The Movie Time Machine Prototype Video on Vimeo.

The Movie Time Machine is an interactive movie database that lets people browse the most liked movie offerings of any time period and genre. This allows them to quickly find content they potentially like but have yet to experience. The game-like interaction with popping bubbles creates an engaging interaction that lets the user quickly eliminate any irrelevant information.

The Movie Time Machine was a team project including two digital interaction designers, two product designers and a computing student. Our task was to create an interactive visualization using a given dataset, and make it fit a specific publication; in our case, an online article of the Empire magazine.

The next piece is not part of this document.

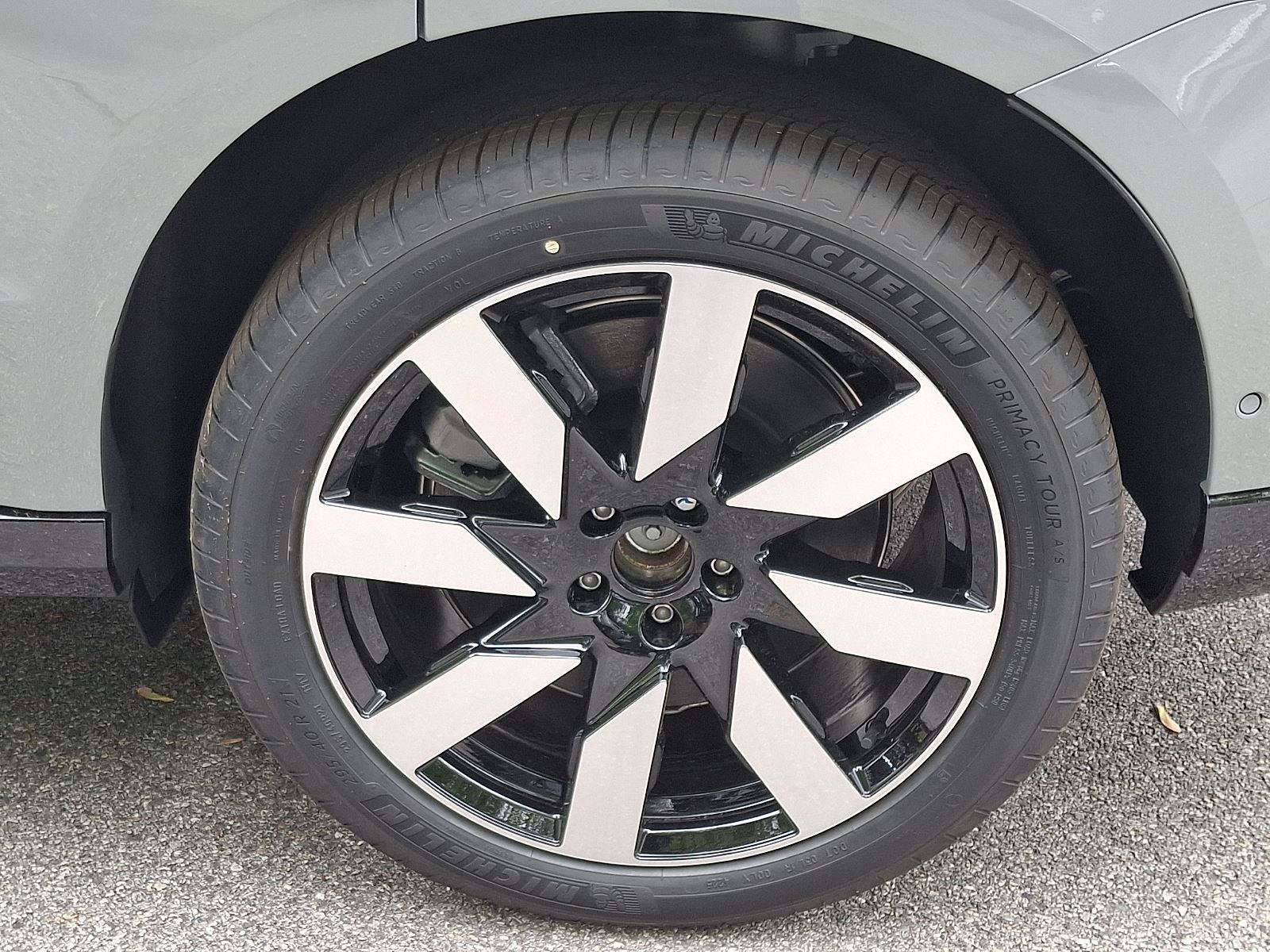 New 2026 Volvo EX90 Plus AWD/4WD image 5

Our dataset was a csv file of IMDB’s database of 5000 movies, which includes movie descriptions, ratings, promotional images and other relevant information. The dataset can be viewed here.

Time machine mock up

Along with the dataset, we researched people & movies: how people watch movies, what they expect from reviews, and what kind of movies they generally look for.

The core of the Movie Time Machine became to tackle the issue of repeated information — the various top lists have people scroll through movies many of them have already seen.

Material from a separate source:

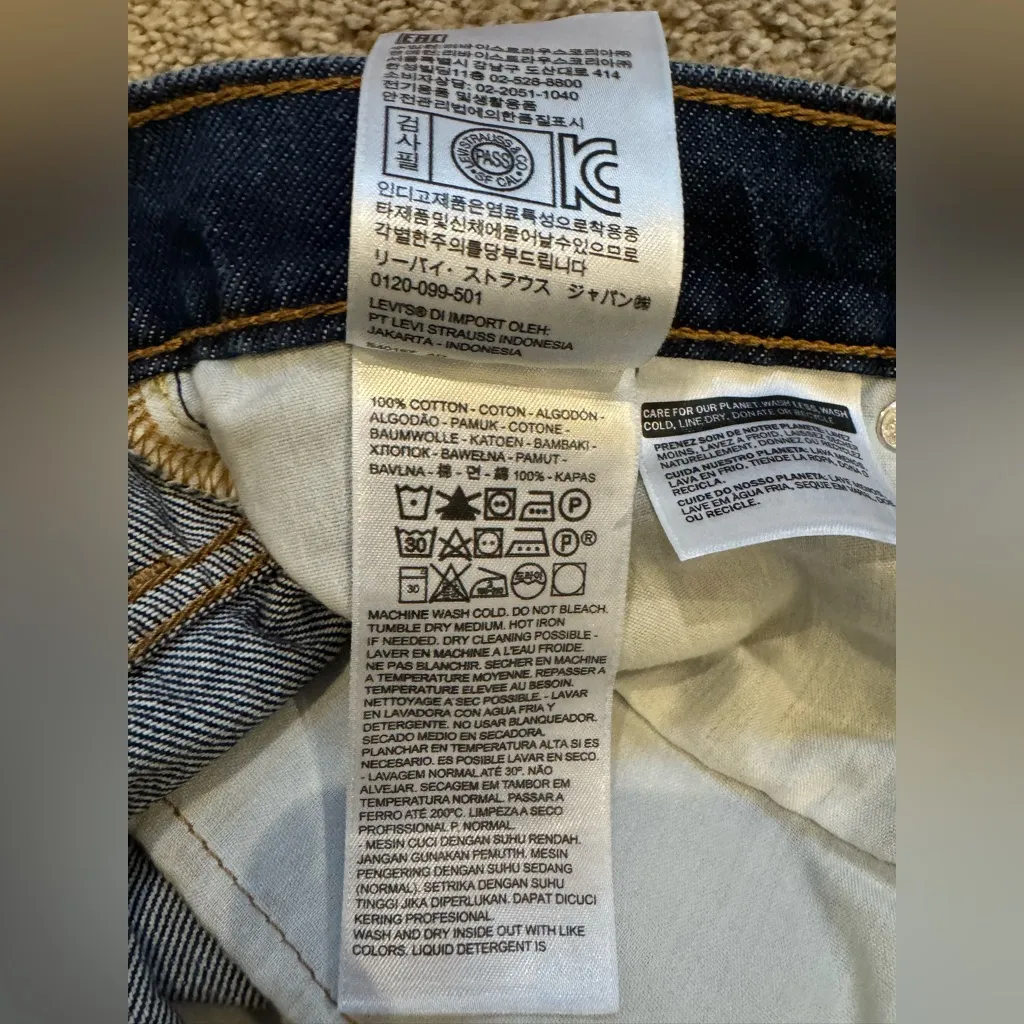 Levi’s Distressed Denim Mini Skirt W27 Vintage Inspired Y2K Festival Ready - Image 8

To be fit withing a browser article, we decided to make the interaction more playful and slightly randomised. First the user determines the filters: the time period and/or genre. If there are many popular movies from a time period the movies will appear in a top order first. When the user pops the bubbles and removes the movies they have already seen, the Movie Time Machine generates new bubbles to replace them with even more interesting movies.

We also ended up combining the IMDb data to the Rotten Tomatoes score of each movie to create a more comprehensive rating system. The combined mean of the ratings of the two most popular online movie databases gives a better estimate of what the actual best movies of all time are according to the viewers themselves. This also removes the need to browse between multiple sites for comparison.

We researched the Empire’s online magazine to mimic their design guidelines and have the feature fit their website seamlessly. The graphics of our feature have a retro-futurist look paying homage to the many sci-fi classics of the 80’s and 90’s. The colour palette in turn strictly follows the palette of the Empire website, and the feature is sized for their article layout.